I use leg press, but it’s not kind to my back. Squatting properly seems to be better, I go into flexion with leg press.

[quote]crod266 wrote:
well i cant cause i have no health insurance, yea my back was hurt a while ago and preety much only hurts when I put squats back into the program[/quote]

Then don’t squat. Think long term.

[quote]crod266 wrote:
HitEmHard wrote:
you could load up a dipping belt and standing on two benches simply squat. Im sure I read it in a post on this site a while back

ehh that might be a pain[/quote]

why is this a pain? Good grief. I do these all the time. Takes no more time to set up than loading a barbell. and the leg press is a horrible option for someone with back/spine pain.

[quote]robo1 wrote:
crod266 wrote:
HitEmHard wrote:
you could load up a dipping belt and standing on two benches simply squat. Im sure I read it in a post on this site a while back

ehh that might be a pain

why is this a pain? Good grief. I do these all the time. Takes no more time to set up than loading a barbell. and the leg press is a horrible option for someone with back/spine pain.[/quote]

Works okay for me, though I favor the other option mentioned at the top of this post.

I cant imagine cutting squats out of a program. They are just too beneficial. Even if only trying to train the upper body, squats would still improve gains.

I cant emphasize single leg squats enough. Unilateral movements in general are great. It could be part of your problem that you are putting to much load with out proper stability.

I know that was my problem. I played football in college and the SC coach couldnt figure out wihy my back hurt and my numbers weren’t going up.
I went to another strength coach during the summer, started using med balls, single leg squats and other unilateral work along with my regular squats and cleans. This made all the difference in the world. He also taught me stomach hollowing which makes a HUGE difference.

If you dont have health insurance email some good strength coaches around the nation. Eric Cressey is one that comes to mind. His email is right on his website.

Also Make some new friends. Especially educated ones, like physical thereapists.
Walk in tell them you want to shadow them for a few hours once a week, tell them you want to learn, which is what you’re looking to do anyway. Just leech off of their knowledge, as much as you can get. Try and help out around the place, picking up stuff or whatever and this will make them like you more. People love feeling smart also, so ask lots of questions.
After a 2-3 weeks you have an excellent resource to refer to.

The book Combat Core by Jimmy Smith would most likely be a good read for you. Maybe you already have it. I think it’d be a good book for anyone to read.

Stuart McGill is a guy who is extremely extremely knowledgeable about the spine. He’s probably forgot more than Ive ever learned. But check out some of his books. They would be great.

Did Anyone mention a zercher? thats another option

[quote]adam.rees wrote:
He also taught me stomach hollowing which makes a HUGE difference.

Stuart McGill is a guy who is extremely extremely knowledgeable about the spine.
[/quote]

Sorry to hijack this thread, but just fyi, McGill is advising against stomach hollowing in preference of contracting and pressing out (intra-abdominal pressure).

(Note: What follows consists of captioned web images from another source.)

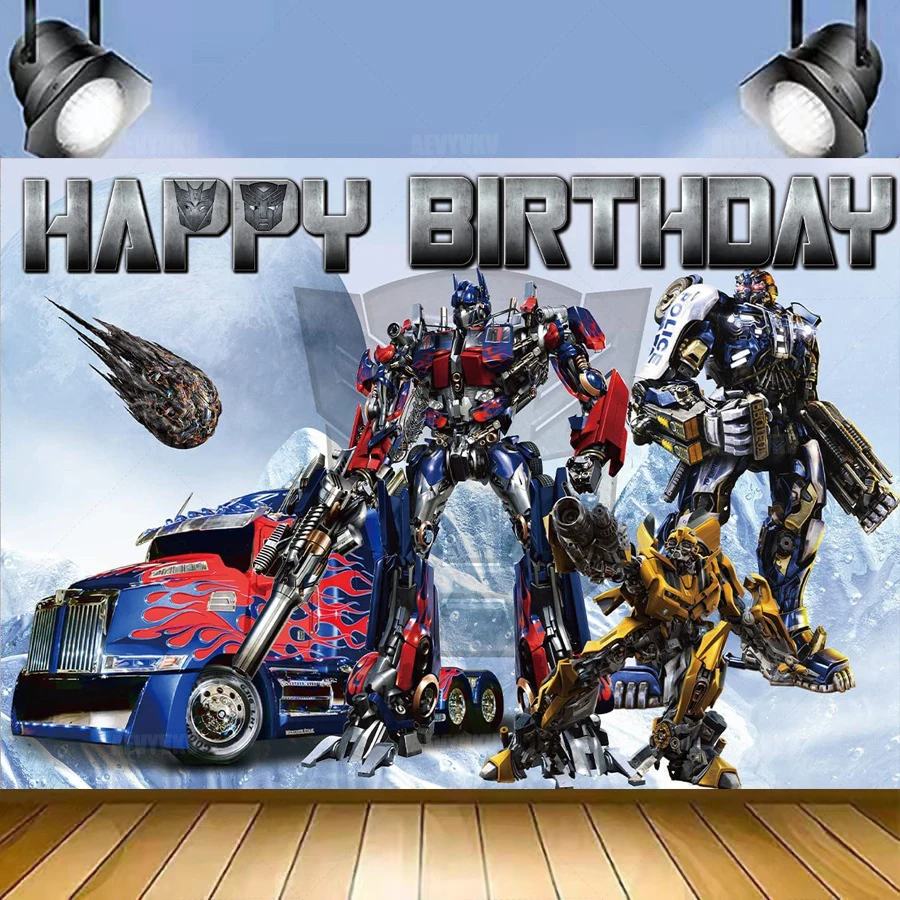 Transformers Bumblebee Optimus Prime Birthday Party Backdrop Yellow Black Truck Mask Gear Custom Boys Kids Cake Banner Decor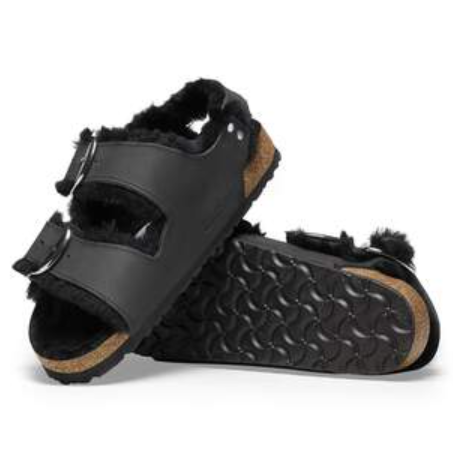 Birkenstock Milano Big Buckle Shearling Black Regular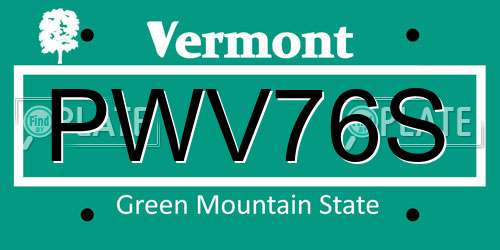 PWV76S Vermont License Plate
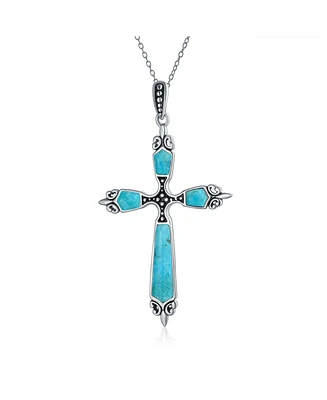 Western Style Spiritual Religious Blue Turquoise Gemstone Fleur De Lis Cross Pendant Necklace For Women Oxidized .925 Sterling Silver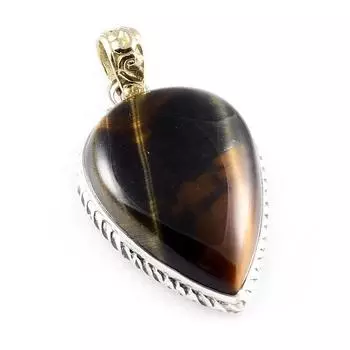 Natural Tiger s Eye Gemstone 925 Sterling Silver Two Tone Pendant 1.5 O1u78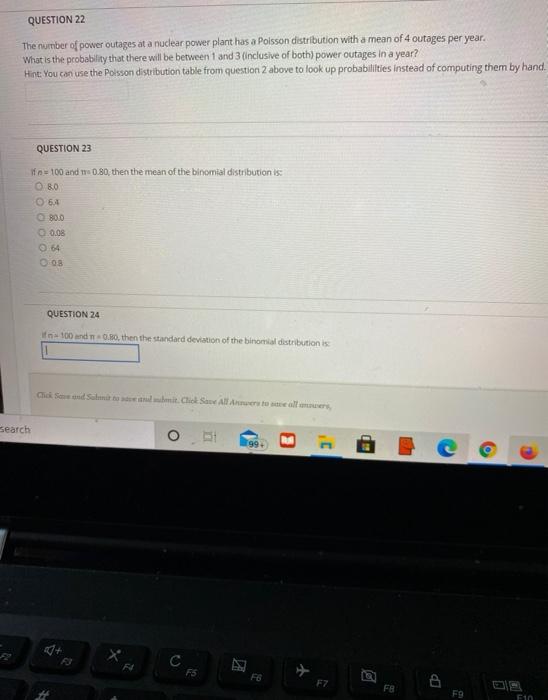 Solved QUESTION 22 The number of power outages at a nuclear | Chegg.com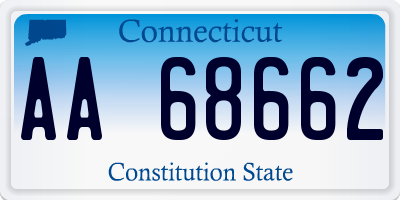 CT license plate AA68662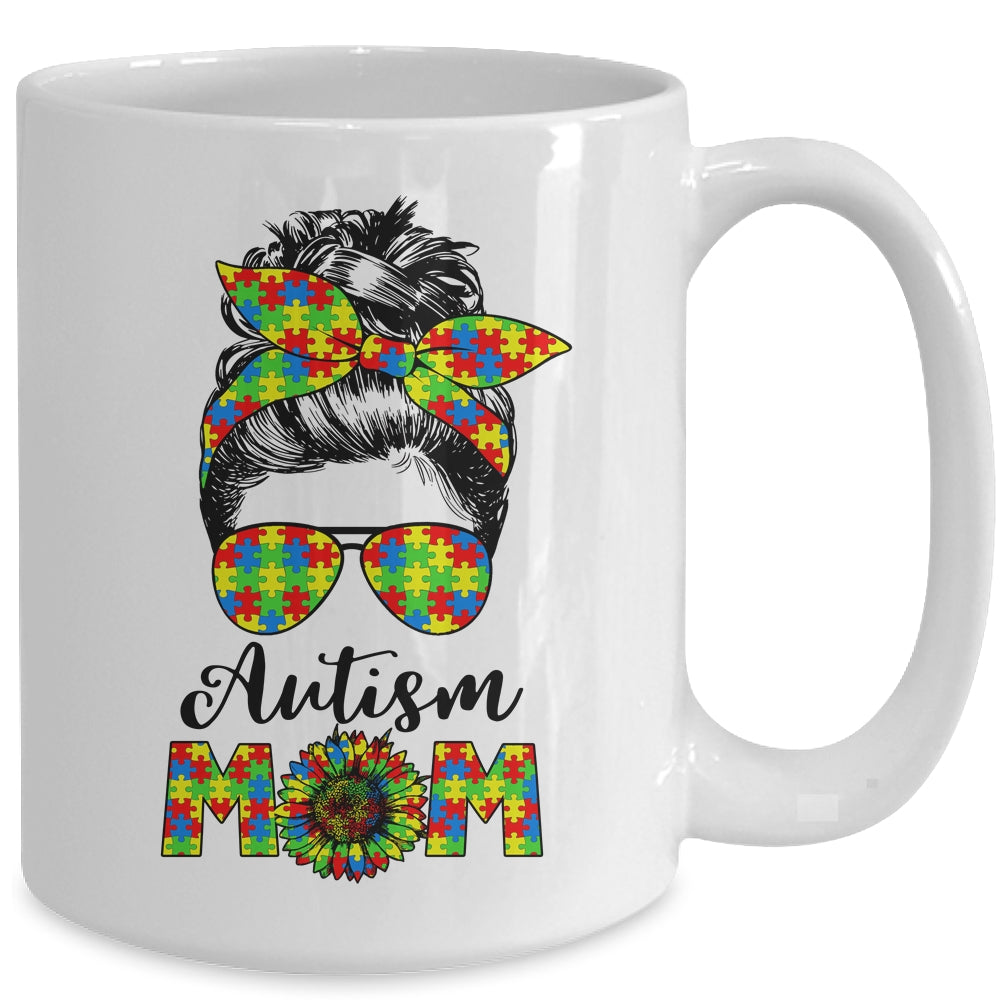 Proud Autism Mom Messy Mun Autism Awareness Sunflower Mug | teecentury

That is what I meant by stomach hollowing. Pushing the stomach out and contracting the abs (hollowing the stomach). As if someone is going to punch you in the stomach.

Pulling in the abs is not good for your core. Its not functional, realistic, or healthy, and its not going to do anything to push up your total.

One way to figure this out is to put a belt on but leave it a little loose so you have to push your stomach out to keep it up. Practice that a few times. It will probably help alot.

Sorry I may have miss spoken above. I’ll be thorough in the future. Thanks for calling it out though.